- **ASSIGNED TASK**
Retype precisely the section of the data that starts at the line containing "تفسير حلم ركوب" and runs to its final line, ends included.

- **Items listed in a dataset**
——————

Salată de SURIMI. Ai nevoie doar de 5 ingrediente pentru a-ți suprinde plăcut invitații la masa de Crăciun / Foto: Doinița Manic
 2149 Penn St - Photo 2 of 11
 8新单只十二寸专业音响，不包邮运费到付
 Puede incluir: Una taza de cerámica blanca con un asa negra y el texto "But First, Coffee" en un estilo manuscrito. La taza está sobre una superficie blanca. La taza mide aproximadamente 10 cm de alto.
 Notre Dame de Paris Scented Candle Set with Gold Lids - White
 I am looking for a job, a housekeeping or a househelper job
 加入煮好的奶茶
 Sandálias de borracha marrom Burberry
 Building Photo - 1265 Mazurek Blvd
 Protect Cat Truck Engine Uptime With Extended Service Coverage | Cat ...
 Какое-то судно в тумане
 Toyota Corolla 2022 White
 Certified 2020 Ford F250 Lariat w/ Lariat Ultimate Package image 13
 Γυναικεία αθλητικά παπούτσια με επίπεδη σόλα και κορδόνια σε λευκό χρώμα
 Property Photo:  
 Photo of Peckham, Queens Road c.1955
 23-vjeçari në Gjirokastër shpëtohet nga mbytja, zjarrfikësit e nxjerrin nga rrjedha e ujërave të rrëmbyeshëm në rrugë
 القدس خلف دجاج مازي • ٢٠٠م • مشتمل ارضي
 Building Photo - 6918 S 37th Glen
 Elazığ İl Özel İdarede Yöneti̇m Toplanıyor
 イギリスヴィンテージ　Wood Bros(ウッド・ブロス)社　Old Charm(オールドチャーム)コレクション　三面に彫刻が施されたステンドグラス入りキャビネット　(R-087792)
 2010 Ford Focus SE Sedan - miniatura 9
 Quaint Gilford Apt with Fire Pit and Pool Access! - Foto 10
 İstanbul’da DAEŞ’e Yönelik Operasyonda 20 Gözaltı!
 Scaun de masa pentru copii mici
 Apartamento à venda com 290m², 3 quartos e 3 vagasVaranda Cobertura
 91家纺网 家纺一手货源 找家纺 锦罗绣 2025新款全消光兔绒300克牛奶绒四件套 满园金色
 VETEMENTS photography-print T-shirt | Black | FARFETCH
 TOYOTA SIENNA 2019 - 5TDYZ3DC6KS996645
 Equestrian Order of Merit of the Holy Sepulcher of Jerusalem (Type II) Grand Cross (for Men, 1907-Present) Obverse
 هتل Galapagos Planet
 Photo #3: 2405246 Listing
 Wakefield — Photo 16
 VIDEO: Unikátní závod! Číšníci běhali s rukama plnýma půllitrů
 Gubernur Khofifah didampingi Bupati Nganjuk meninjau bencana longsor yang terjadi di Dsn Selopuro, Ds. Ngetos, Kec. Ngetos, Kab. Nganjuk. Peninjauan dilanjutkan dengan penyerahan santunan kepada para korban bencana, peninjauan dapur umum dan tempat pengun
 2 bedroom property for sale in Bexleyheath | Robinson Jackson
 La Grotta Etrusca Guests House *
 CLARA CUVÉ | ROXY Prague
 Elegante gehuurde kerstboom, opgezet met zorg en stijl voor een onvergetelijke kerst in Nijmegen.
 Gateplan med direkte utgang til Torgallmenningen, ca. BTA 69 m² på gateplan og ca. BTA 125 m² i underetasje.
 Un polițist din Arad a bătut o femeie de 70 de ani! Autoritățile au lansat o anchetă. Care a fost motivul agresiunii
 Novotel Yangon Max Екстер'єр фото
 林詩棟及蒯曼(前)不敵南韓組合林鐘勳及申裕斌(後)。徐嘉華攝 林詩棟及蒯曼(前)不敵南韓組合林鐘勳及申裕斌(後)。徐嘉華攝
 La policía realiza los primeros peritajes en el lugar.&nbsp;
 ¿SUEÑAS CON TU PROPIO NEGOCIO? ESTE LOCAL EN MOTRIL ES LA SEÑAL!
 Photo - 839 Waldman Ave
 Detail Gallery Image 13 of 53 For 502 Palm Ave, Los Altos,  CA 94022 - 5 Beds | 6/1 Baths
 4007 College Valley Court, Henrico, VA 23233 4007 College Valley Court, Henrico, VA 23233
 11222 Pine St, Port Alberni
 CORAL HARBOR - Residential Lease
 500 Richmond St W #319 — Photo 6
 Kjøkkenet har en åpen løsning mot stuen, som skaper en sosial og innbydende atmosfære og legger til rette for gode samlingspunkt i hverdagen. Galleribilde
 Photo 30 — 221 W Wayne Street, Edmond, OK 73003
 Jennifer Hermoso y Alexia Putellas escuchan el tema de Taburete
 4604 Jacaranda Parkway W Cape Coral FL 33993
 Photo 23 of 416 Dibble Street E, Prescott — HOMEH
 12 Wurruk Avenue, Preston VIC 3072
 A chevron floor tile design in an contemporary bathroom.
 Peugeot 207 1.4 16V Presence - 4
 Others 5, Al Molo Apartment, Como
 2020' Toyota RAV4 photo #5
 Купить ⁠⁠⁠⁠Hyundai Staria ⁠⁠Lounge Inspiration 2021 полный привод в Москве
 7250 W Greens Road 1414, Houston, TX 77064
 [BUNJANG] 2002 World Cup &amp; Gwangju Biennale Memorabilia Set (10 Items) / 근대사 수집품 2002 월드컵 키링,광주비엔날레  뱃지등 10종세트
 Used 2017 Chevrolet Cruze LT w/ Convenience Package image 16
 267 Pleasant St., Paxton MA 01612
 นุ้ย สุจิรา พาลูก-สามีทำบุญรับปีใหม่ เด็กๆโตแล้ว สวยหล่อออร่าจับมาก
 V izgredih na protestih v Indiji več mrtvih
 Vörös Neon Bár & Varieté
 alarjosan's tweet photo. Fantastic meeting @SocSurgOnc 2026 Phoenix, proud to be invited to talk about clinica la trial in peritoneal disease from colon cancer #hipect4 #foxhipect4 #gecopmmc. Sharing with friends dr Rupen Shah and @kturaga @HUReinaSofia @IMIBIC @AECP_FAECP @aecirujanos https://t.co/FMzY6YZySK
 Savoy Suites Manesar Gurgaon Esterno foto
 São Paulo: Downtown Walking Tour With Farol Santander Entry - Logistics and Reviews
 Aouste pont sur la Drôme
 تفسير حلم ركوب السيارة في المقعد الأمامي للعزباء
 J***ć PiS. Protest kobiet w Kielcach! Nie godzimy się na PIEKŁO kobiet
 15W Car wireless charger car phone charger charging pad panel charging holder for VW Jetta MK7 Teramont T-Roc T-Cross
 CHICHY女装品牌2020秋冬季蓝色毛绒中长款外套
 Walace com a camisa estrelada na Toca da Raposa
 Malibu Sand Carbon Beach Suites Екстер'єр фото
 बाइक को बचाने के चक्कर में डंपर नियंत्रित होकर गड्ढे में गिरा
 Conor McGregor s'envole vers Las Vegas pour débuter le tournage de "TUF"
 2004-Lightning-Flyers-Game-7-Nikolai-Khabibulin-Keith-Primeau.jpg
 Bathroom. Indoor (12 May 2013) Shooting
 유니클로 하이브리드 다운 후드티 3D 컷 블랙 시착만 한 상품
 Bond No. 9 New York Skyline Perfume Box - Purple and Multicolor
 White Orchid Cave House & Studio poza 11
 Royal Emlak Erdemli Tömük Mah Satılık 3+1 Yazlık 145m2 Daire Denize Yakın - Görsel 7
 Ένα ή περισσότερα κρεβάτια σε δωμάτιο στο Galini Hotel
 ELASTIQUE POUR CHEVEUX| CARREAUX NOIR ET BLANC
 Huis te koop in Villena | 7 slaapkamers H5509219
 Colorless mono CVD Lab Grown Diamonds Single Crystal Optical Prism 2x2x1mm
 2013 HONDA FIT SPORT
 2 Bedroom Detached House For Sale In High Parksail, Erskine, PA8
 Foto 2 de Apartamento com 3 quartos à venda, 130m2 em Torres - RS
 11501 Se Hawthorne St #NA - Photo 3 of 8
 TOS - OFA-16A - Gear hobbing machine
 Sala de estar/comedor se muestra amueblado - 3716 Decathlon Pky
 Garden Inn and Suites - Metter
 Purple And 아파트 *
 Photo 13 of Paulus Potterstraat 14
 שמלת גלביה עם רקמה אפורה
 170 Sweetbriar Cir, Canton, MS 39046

——————

- **REPLY**
 تفسير حلم ركوب السيارة في المقعد الأمامي للعزباء
 J***ć PiS. Protest kobiet w Kielcach! Nie godzimy się na PIEKŁO kobiet
 15W Car wireless charger car phone charger charging pad panel charging holder for VW Jetta MK7 Teramont T-Roc T-Cross
 CHICHY女装品牌2020秋冬季蓝色毛绒中长款外套
 Walace com a camisa estrelada na Toca da Raposa
 Malibu Sand Carbon Beach Suites Екстер'єр фото
 बाइक को बचाने के चक्कर में डंपर नियंत्रित होकर गड्ढे में गिरा
 Conor McGregor s'envole vers Las Vegas pour débuter le tournage de "TUF"
 2004-Lightning-Flyers-Game-7-Nikolai-Khabibulin-Keith-Primeau.jpg
 Bathroom. Indoor (12 May 2013) Shooting
 유니클로 하이브리드 다운 후드티 3D 컷 블랙 시착만 한 상품
 Bond No. 9 New York Skyline Perfume Box - Purple and Multicolor
 White Orchid Cave House & Studio poza 11
 Royal Emlak Erdemli Tömük Mah Satılık 3+1 Yazlık 145m2 Daire Denize Yakın - Görsel 7
 Ένα ή περισσότερα κρεβάτια σε δωμάτιο στο Galini Hotel
 ELASTIQUE POUR CHEVEUX| CARREAUX NOIR ET BLANC
 Huis te koop in Villena | 7 slaapkamers H5509219
 Colorless mono CVD Lab Grown Diamonds Single Crystal Optical Prism 2x2x1mm
 2013 HONDA FIT SPORT
 2 Bedroom Detached House For Sale In High Parksail, Erskine, PA8
 Foto 2 de Apartamento com 3 quartos à venda, 130m2 em Torres - RS
 11501 Se Hawthorne St #NA - Photo 3 of 8
 TOS - OFA-16A - Gear hobbing machine
 Sala de estar/comedor se muestra amueblado - 3716 Decathlon Pky
 Garden Inn and Suites - Metter
 Purple And 아파트 *
 Photo 13 of Paulus Potterstraat 14
 שמלת גלביה עם רקמה אפורה
 170 Sweetbriar Cir, Canton, MS 39046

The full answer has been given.